Runes and Red Sails (Queenmaker Book 1)(82)



But he did not seem to be. He hooked his spear shaft behind her twirling foot and sent her sprawling.

“Leave the flourishes for the skalds and their stories. Never show your back to a foe.”

Slamming against the hard soil drove the breath from her lungs.

“Do you remember when I told Vidar that only a fool feels no fear?” There was no anger in his voice. He appeared as unfazed by her eavesdropping as he had been by her ambush.

“No,” she lied. She pulled herself onto one knee.

“I would set my warriors against any challenge, any enemy, and be sure of victory. There are none finer. Each one has a heart as true as any of the heroes of old.”

He swung again as she stood, and she reeled backwards to block the blow.

“But they fear. They doubt. You think Sigurd never had one moment of weakness?”

They circled.

The anger was still there, simmering in her breast. But she knew there was truth to those words. That she had built the Thrym into something more than they were. That they could not be everything she needed, and it was wrong to blame them for failings not of their own making.

But the expression Eyvind wore was too close to a smirk, and she would be thrice-cursed if she was going to admit fault to that face. She rolled forward and swung high. He blocked, but she drove her staff into the back of his left knee. He sagged but stayed upright, and their weapons locked once more.

Face to face now, he asked another question.

“What is your vote?”

“You know what it is!” She strained to push him off-balance.

“Why?”

There was no shifting him, so she leapt back out of reach.

“What do you mean why?”

“Do you go on just because your mistress tells you to, or is there something else?”

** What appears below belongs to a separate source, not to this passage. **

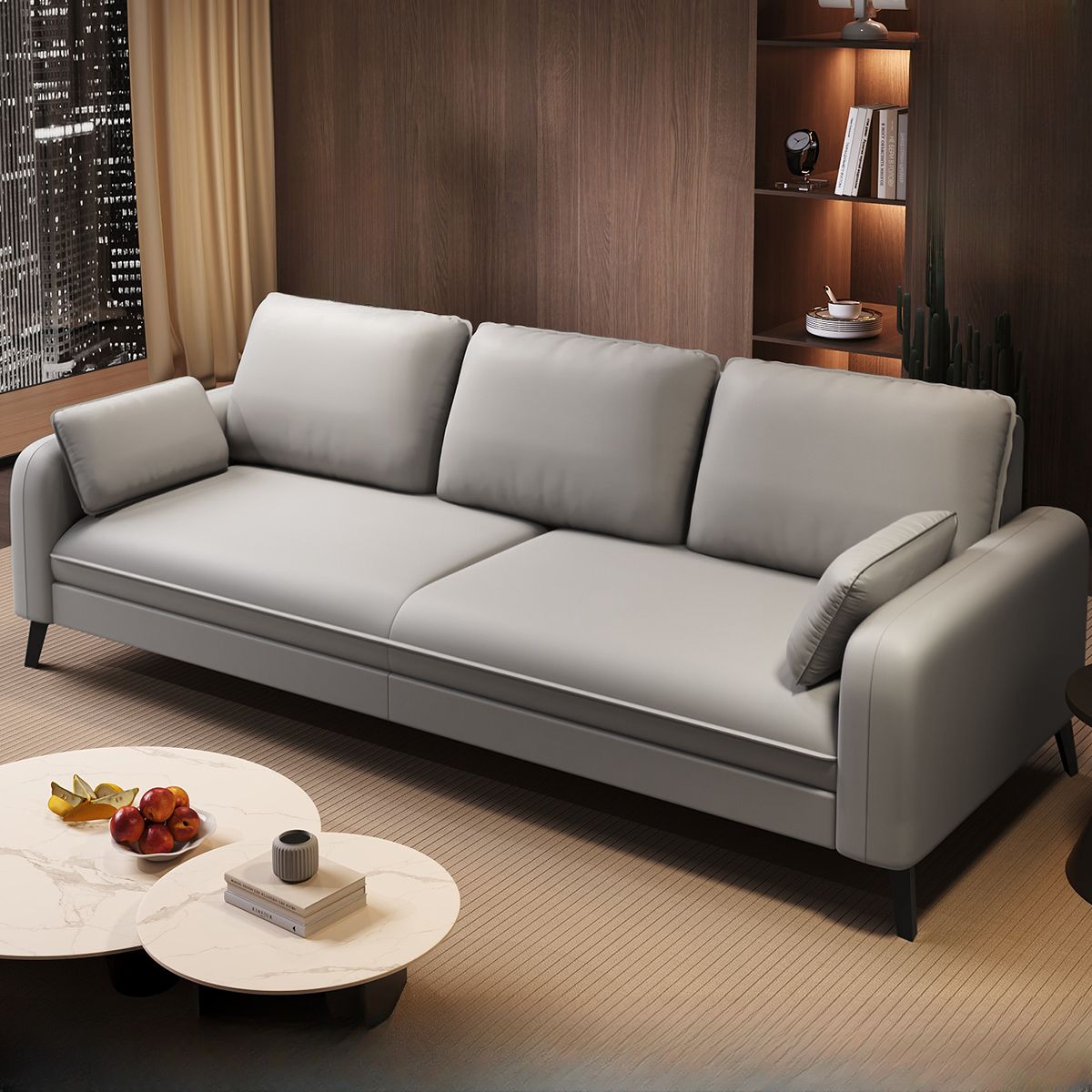 Trendy Solid Color Water Resistant Standard Sofa in Grey/Cerulean/Amber Color with Arm, Seats 3 with 2 Pillows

Revenge was the first word that popped into her mind. Or to obey Fate, or to spite the Gods, or to see the storied lands of her ancestors. To see justice done. Any would have made a fine answer, and all rang true to some extent. But she chose a simpler reply.

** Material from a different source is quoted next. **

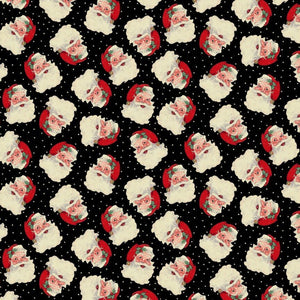 CHRISTMAS MEMORIES Black Tossed Santa Heads Holiday-CD2860 from Timeless Treasures by the yard.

“I need to know that I can.”

He leaned against his spear and stared back at her.

“So do we go?” she asked.

He drew a deep breath. “Yes.” And exhaled. “We go.”

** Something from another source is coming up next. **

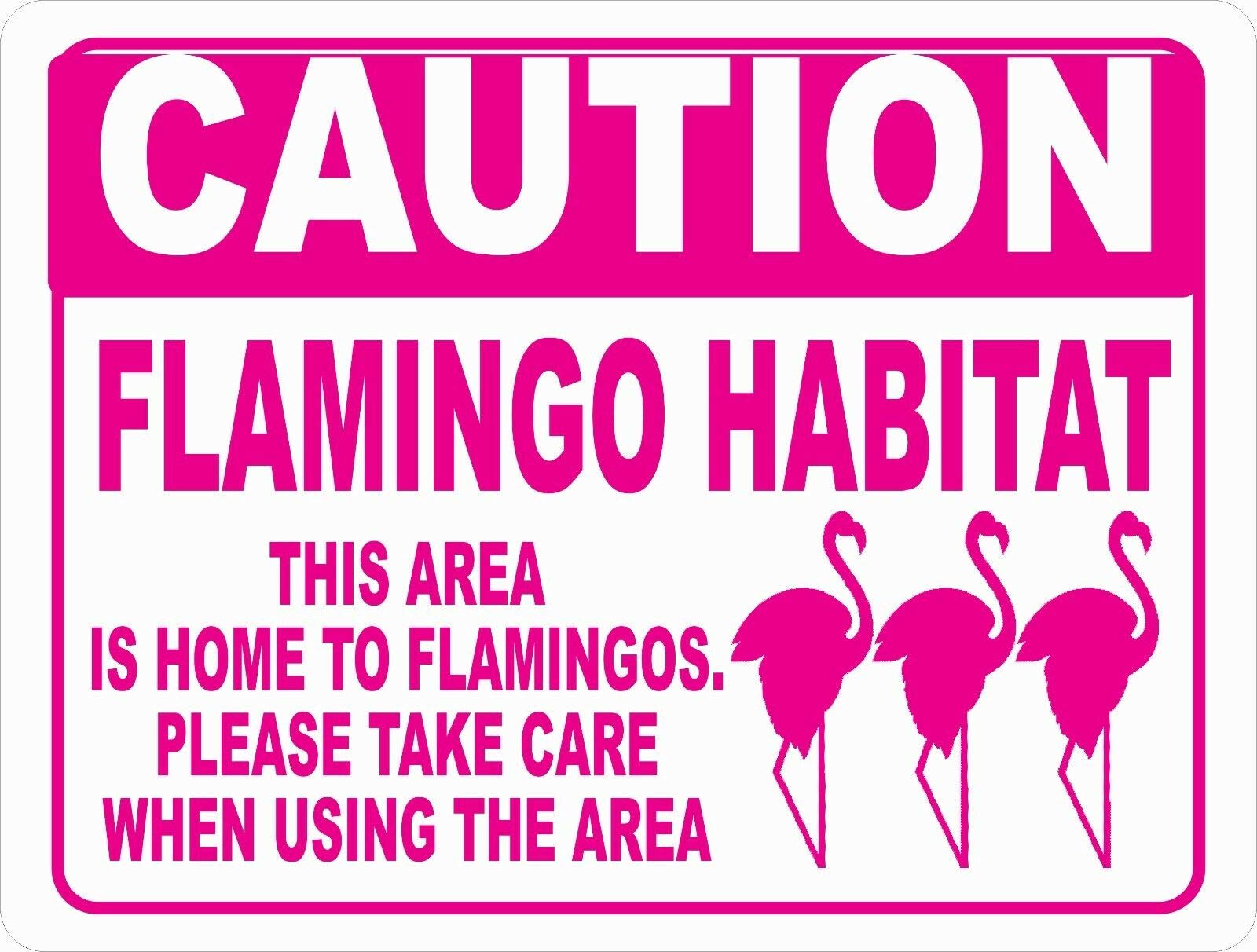 Kueprae A224 Caution Flamingo Habitat Sign Lovers Of Flamingos Metal Sign 8X12 Inch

“Now be on guard.” Hefting his weapon, he said, “I will not hold back this time.”

And they fought on.





45

One late afternoon found Aelfhild pressed against a lichen-stained rock face, fingers and toes probing for holds. A rope was tied around her waist, trailing down to the outcrop below where Eyvind and Ceolwen stood fretting.

The fjords of the northern coast, beautiful though they were to look upon, had been a great hindrance on the journey to Aettirheim. A few were shallow and ran only a short distance inland, making for an easy crossing over soft, grassy ground. Many, though, were less welcoming—these were yawning rifts, carved deep into the earth by vengeful glaciers, with sheer rock walls plummeting into the black churn of waves. Entire days the crew spent following these chasms west in hopes of finding a suitable crossing, only then to make the painstaking climb down the rocks to pass over a half-submerged sandbar in water cold enough to numb the legs and freeze the toes.

Just a stone’s throw to her left and slightly below, Kolbrun pulled herself up onto a ledge. The servant and the shield-maiden had turned out to be natural climbers—or at any rate more natural than the rest. Their nimble feet and strong fingers gave them the dubious honor of being first up, bearing ropes to fasten once they reached the top.

Heights were not something Aelfhild was particularly keen on.

The higher she climbed, the more she regretted this newfound talent.

You wanted to pull your weight, a voice within her head chided as she wedged her toes into the next crevice, and here you are.

Her left hand sent some loose rock and gravel raining down on the onlookers, and she could hear in the swift intake of breath below. But her hold did not falter.

Only one more ledge to go.

With bruised fingers, Aelfhild dragged herself up onto the upper lip of the bluff, then rolled over to give Kolbrun a hand. They emerged onto a wide stone shelf, polished smooth by the elements and bare of vegetation save for specks of moss in a few sheltered cracks. Forgetting the ropes around their waists momentarily, the two women turned to absorb the view.

The ocean stretched out in endless aquamarine to the east. With the sun at their backs, their shadows danced in stark black relief atop the swells. To the south the pale crescents of the twin moons cleared the horizon side by side, and beneath the heavenly orbs stretched the jagged coast, the hills through which the Thrym and Earnfoldings had toiled for days.

Aelfhild turned north to see what was still to come.

A lump rose in her throat at the sight, and she recalled words Eyvind had spoken weeks before: a harbor filled with sharp rocks, like teeth. Stretching out before them was an oval bay nestled within a deep basin between the ridges that dominated the coastline to the north and south. The mouth of the bay was filled with dozens of jutting boulders and narrow skerries, some bare but some sporting thickets of greenery. The surf erupted in foaming towers around the spits of rock and fell back in whirling eddies.

Aelfhild could see where some of the rocks been shattered into jagged pieces, and others worn down by the sea to lie hidden just below the tides. How any boat could sail through that sieve without foundering she could not even fathom.